Van Wagner & Yeoman v. Chapman's Adm'r

BICE, 0. J.

In Smith v. Mallory, 24 Ala. R. 628, and in Bridge v. McCullough’s Adm’r, 27 Ala. R. 661, this court deliberately approved the rule, that the joint creditors shall be first paid out of the joint estate, and the separate creditors shall be first paid out of the separate estate of each partner ; and if there be a surplus of the joint estate, besides what will *174pay the joint creditors, the same shall be applied to pay the separate creditors ; and if there be, on the other hand, a surplus of the separate estate, beyond what will satisfy the separate creditors, it shall go to supply any deficiency that may remain as to the joint creditors. That general rule was held to embrace and govern both of the cases above cited, although it was admitted that there were exceptions to the rule.

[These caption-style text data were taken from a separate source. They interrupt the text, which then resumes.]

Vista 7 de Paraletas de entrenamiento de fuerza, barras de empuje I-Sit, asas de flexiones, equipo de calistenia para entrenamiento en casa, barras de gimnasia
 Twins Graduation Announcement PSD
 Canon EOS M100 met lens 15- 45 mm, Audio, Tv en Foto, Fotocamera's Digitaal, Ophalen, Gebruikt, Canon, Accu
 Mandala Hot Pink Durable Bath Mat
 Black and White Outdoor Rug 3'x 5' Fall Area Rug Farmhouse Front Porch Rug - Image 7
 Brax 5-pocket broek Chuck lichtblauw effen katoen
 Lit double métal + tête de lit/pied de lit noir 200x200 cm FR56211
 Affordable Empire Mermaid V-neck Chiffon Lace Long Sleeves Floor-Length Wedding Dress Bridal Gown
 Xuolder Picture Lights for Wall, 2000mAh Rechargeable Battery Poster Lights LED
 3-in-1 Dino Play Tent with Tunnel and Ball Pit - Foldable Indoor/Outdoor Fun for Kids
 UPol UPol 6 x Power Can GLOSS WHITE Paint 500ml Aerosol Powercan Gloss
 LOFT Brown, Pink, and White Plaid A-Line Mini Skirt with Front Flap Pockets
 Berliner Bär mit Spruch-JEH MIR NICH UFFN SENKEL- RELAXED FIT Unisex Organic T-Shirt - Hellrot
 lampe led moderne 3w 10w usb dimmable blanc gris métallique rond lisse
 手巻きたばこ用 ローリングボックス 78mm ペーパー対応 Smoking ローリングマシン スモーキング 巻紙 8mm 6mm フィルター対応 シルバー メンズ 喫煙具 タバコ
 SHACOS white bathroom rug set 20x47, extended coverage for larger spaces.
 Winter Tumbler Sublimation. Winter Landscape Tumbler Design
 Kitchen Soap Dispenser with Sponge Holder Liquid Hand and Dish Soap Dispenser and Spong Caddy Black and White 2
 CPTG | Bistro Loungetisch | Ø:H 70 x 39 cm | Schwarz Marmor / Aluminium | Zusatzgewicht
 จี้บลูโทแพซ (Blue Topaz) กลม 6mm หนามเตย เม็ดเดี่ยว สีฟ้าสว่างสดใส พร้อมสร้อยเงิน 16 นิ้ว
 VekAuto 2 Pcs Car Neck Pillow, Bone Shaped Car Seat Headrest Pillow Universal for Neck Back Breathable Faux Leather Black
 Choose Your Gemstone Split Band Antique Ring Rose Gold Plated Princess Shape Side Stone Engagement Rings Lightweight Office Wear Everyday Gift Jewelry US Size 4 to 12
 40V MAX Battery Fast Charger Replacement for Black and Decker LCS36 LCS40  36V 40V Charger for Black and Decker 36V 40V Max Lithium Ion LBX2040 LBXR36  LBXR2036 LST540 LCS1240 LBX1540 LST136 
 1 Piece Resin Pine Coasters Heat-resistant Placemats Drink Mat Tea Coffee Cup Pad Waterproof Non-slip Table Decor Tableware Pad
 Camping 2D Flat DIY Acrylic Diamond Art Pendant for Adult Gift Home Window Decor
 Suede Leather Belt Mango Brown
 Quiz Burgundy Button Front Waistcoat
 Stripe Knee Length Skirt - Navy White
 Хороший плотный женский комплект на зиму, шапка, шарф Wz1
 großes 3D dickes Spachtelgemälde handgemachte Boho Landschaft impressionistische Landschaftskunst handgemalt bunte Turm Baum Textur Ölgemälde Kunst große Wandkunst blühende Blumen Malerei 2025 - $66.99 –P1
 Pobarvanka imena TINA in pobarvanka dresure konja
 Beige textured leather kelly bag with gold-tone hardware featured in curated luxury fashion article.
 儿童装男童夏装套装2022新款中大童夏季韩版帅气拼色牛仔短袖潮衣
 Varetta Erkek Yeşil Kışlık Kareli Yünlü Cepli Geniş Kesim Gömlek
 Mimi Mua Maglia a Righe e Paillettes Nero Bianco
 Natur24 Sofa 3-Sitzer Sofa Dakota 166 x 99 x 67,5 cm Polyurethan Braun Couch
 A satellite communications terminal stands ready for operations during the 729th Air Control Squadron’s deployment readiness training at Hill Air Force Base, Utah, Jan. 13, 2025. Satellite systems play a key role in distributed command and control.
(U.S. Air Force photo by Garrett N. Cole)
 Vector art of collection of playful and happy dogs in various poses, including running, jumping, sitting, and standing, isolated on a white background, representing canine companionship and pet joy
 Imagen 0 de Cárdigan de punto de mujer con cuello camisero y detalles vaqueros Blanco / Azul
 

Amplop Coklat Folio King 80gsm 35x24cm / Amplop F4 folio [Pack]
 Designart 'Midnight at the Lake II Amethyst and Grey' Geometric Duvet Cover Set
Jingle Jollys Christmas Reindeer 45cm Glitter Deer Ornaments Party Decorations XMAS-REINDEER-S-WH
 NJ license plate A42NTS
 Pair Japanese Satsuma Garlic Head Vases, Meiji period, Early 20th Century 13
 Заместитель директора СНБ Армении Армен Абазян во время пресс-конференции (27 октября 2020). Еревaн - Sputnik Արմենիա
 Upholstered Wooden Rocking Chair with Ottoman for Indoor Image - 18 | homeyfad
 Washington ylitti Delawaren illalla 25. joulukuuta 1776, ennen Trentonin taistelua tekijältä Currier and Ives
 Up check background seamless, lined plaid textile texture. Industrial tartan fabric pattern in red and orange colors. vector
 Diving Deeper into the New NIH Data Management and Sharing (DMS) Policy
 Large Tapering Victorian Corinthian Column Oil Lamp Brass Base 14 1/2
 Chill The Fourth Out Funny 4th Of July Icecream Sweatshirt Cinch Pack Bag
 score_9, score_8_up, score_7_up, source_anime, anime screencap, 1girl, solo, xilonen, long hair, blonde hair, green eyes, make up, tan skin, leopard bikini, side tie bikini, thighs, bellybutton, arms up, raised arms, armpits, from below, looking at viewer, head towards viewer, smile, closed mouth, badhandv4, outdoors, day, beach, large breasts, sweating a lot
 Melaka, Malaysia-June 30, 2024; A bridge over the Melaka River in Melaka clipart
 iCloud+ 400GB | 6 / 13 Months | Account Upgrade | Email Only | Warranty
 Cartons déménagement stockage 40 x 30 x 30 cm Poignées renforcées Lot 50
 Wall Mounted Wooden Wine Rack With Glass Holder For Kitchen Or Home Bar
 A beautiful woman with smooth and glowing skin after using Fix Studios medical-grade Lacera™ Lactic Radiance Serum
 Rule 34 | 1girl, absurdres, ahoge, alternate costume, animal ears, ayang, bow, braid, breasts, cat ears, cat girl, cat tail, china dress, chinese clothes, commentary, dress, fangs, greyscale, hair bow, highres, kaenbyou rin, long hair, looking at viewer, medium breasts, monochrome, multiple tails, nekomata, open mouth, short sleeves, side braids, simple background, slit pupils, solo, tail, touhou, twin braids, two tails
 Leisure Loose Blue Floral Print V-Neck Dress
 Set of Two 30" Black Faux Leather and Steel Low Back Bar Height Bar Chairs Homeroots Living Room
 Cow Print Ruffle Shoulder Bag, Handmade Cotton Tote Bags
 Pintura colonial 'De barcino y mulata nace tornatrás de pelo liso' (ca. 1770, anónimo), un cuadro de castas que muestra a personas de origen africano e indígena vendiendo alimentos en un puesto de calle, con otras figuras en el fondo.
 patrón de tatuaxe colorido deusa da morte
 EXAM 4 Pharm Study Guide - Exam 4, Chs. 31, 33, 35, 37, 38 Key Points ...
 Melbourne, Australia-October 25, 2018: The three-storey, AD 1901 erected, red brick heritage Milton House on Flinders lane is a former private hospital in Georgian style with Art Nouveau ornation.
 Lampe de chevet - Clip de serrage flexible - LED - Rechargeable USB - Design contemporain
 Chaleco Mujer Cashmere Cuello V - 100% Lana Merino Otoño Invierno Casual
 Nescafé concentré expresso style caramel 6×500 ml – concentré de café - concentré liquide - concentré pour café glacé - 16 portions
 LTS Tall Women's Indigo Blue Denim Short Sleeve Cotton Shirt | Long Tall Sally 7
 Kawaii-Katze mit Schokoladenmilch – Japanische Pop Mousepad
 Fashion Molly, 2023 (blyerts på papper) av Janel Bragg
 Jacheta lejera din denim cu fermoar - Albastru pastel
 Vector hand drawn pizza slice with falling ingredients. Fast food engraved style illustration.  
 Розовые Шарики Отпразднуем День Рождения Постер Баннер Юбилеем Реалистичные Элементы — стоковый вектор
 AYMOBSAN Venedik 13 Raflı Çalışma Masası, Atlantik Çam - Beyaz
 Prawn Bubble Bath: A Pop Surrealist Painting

In the present case, the proof shows that there was a joint fund — that the surviving partner “ had sued upon several claims due the said L. W. Chapman & Co., and collected the money upon them by due process of law.” That proof being made, it-is very clear, that the insolvency of the- surviving partner, the suits against him, and the return of no property. on the executions issued against him, do not, by virtue of our Code or any other law, exempt the case of the joint creditors (the appellants) from the operation of the general rule. Their case, as presented in this record, does not fall within any class of exceptions to that rule. — Collyer on Partn. §§ 923, 926 ; McCulloh v. Dashiel’s Adm’r, 1 Harris & Gill’s Rep. 96.

There is no error in the decree of the court below, and it is affirmed.